A soldier escorts an intern with hands behind his head to the leader.
Soldier: "This guy did it. We found non-compliant source code on his machine."
Team leader: "Good work, sergeant. Hand him off to headquarters at 1300."
General: "Glad to see that was taken care of quickly."
Team leader: "All in a day's work, sir."

Re:Just what we need ... bring back Ada !!!

[darkstar949]

It may be a niche language, but it's still really good in areas where safety is a concern. The 777 uses it for the control software - http://www.adaic.org/atwork/boeing.html

Not a case for tinfoil

[betterunixthanunix]

Take a look at Reflections on Trusting Trust, where Ken Thomson basically admitted to introducing a backdoor into a commercial operating system by hacking the compiler. The conclusion of the paper, in his own words, was not to trust commercial software to be secure -- the only secure code is code you control from the ground up. That paper was published in 1983.

Re:Not a case for tinfoil

[betterunixthanunix]

Really though, the absence of glaring backdoors does not imply the absence of deliberate and major security flaws. Even very subtle changes could potentially have serious security implications -- even a change as subtle as the way memory is aligned (this may, for example, amplify side channels).

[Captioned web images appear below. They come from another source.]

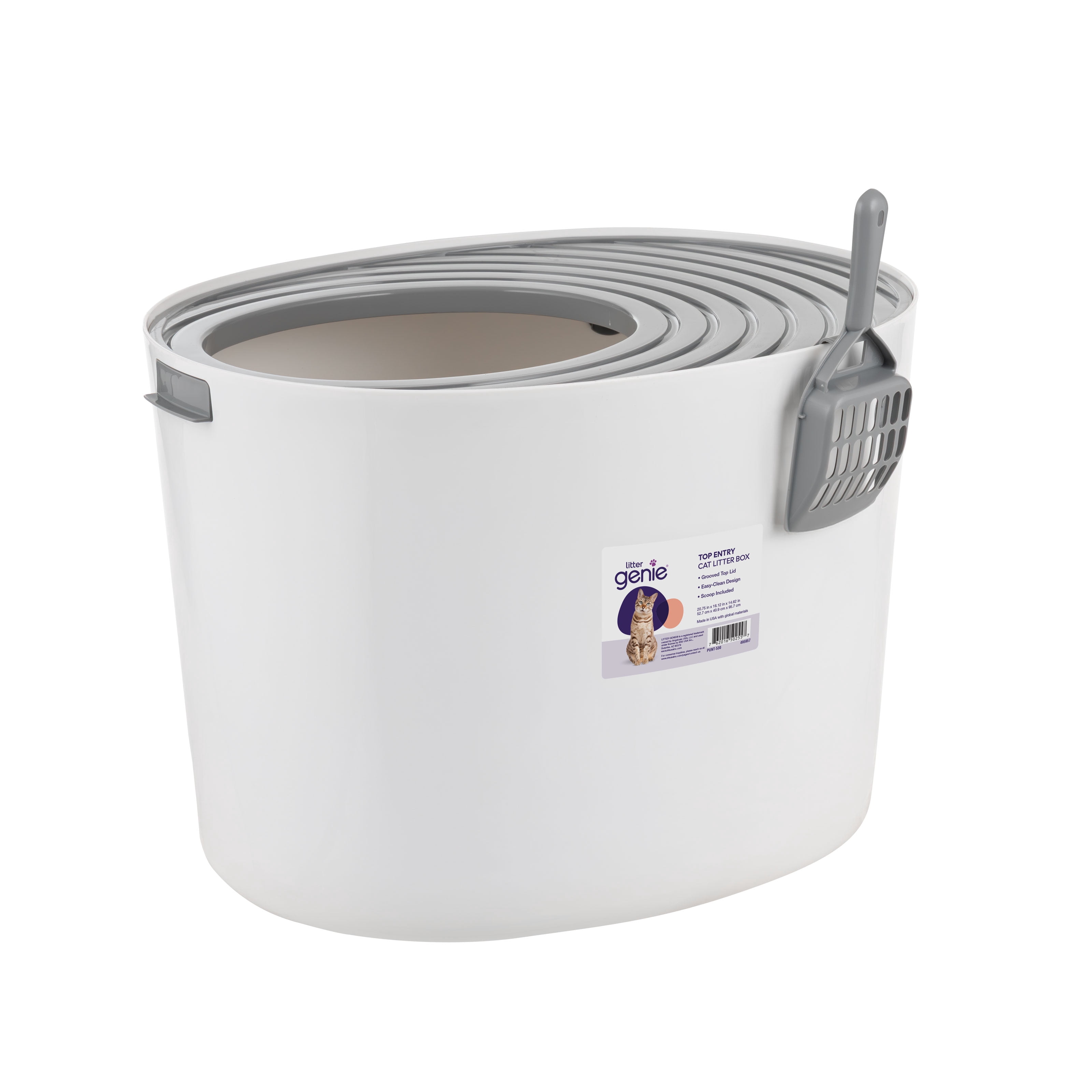 Litter Genie Round Top Entry Cat Litter Box Litter Particle Catching Cover and with Scoop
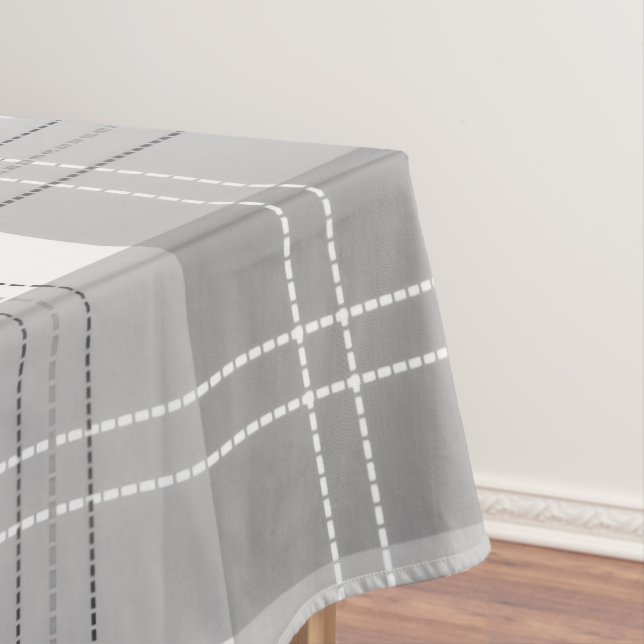 Toalha De Mesa Xadrez de Búfalo Preto e Branco (Posição Original)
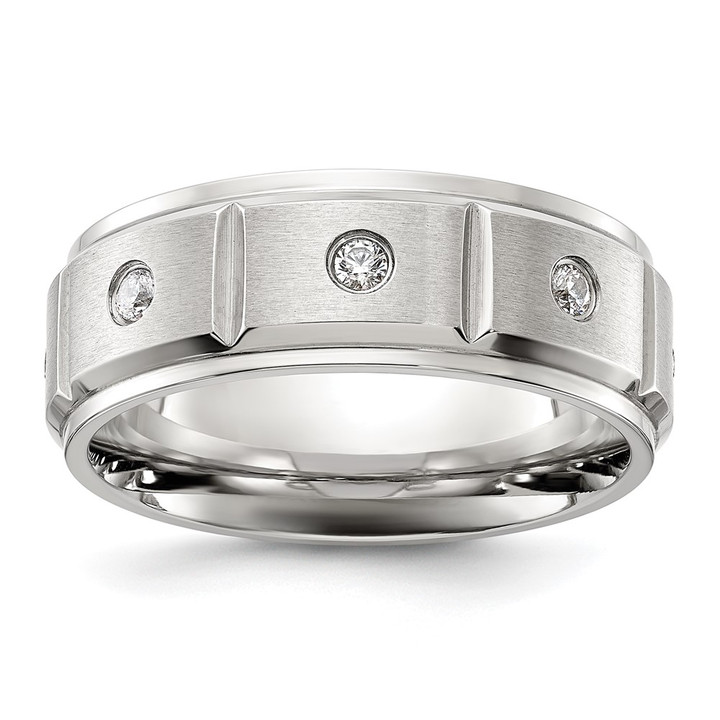 Chisel Titanium Brushed and Polished with CZ 8mm Band TB551-11.5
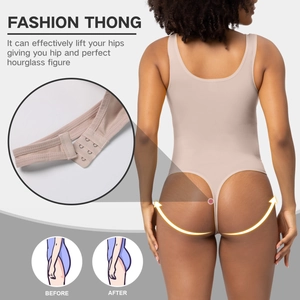 Detail of adjustable crotch buckles on seamless thong bodysuit for slimming shapewear
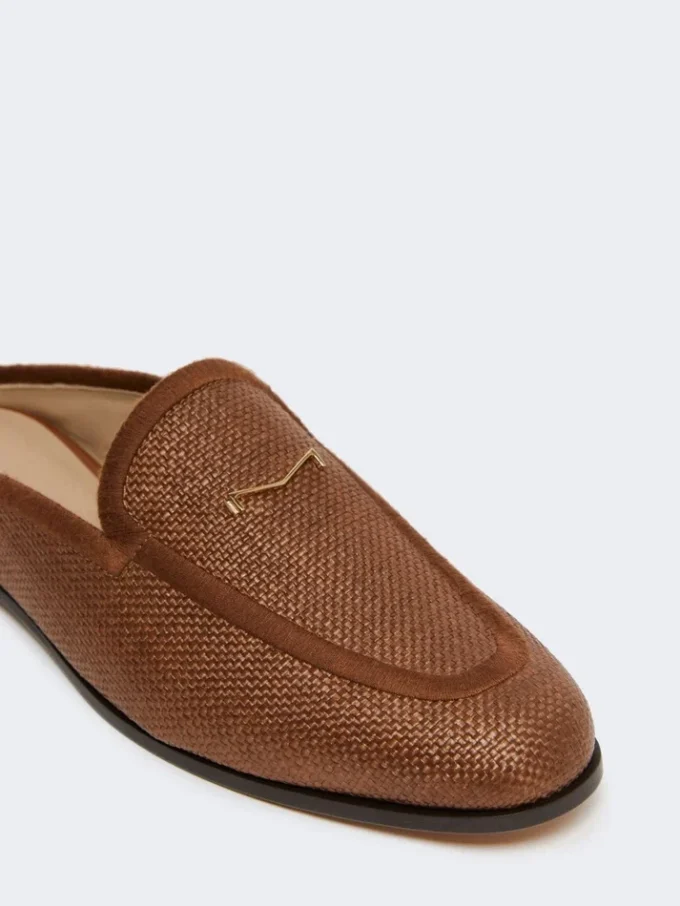 Mules en toile effet raphia, brun ambré Mules en toile effet raphia, brun ambré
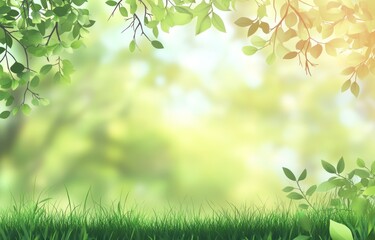 Serene blurred spring landscape featuring a sunlit lawn with vibrant green grass and gentle trees in a tranquil natural setting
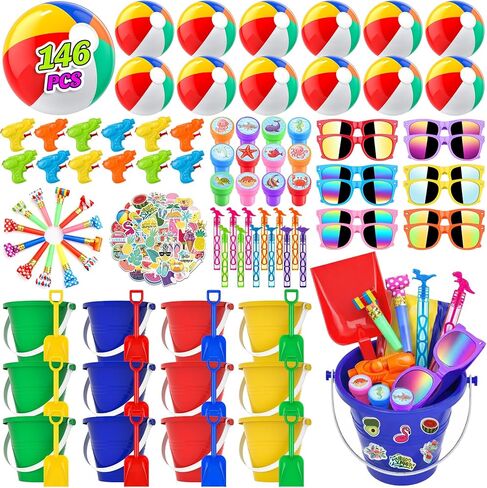 Pool Party Favors Beach Party Favors - 48 PCS Pool Toys For Kids Ages 3 4 5 6 7 8 Beach Balls Bulk, Sand Bucket and Shovels Set, Kids Sunglasses Bulk, Beach Summer Toys, Pool Party Supplies Sand toys in Kuwait
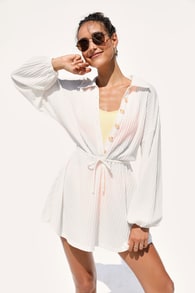 Oasis Awaits White Ribbed Button-Up Mini Swim Cover-Up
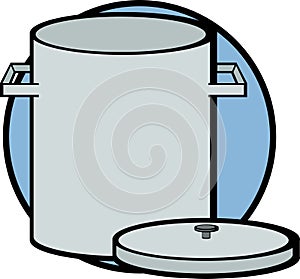 big stockpot vector illustration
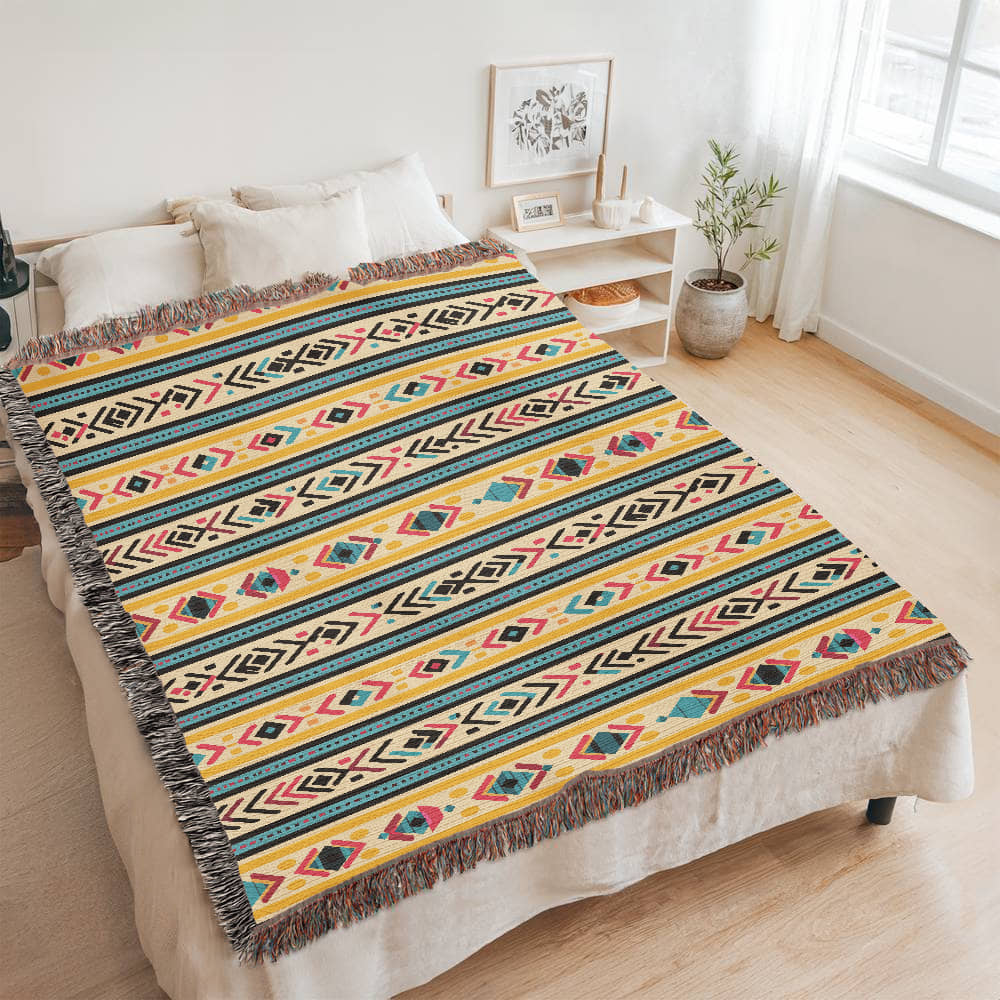 Mexican Textile Pattern 001 - 60" x 80" Heirloom Woven Blanket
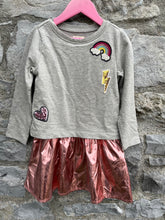 Load image into Gallery viewer, Grey&amp;gold dress   3-4y (98-104cm)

General purpose commercial software packages raise a yellow flag for security as far as I am concerned. They are not necessarily a problem, but there are risks. The general purpose nature is itself a problem; a system that is intended to be used to schedule appointments should not have the capability to execute a shell, nor should it even have a shell installed. The problem with general purpose systems is that they ship with a lot of code that is never needed for a specific installation, but which an attacker could potentially make use of. This is the basic concept behind a "return to libc" attack, or more generally "arc injection."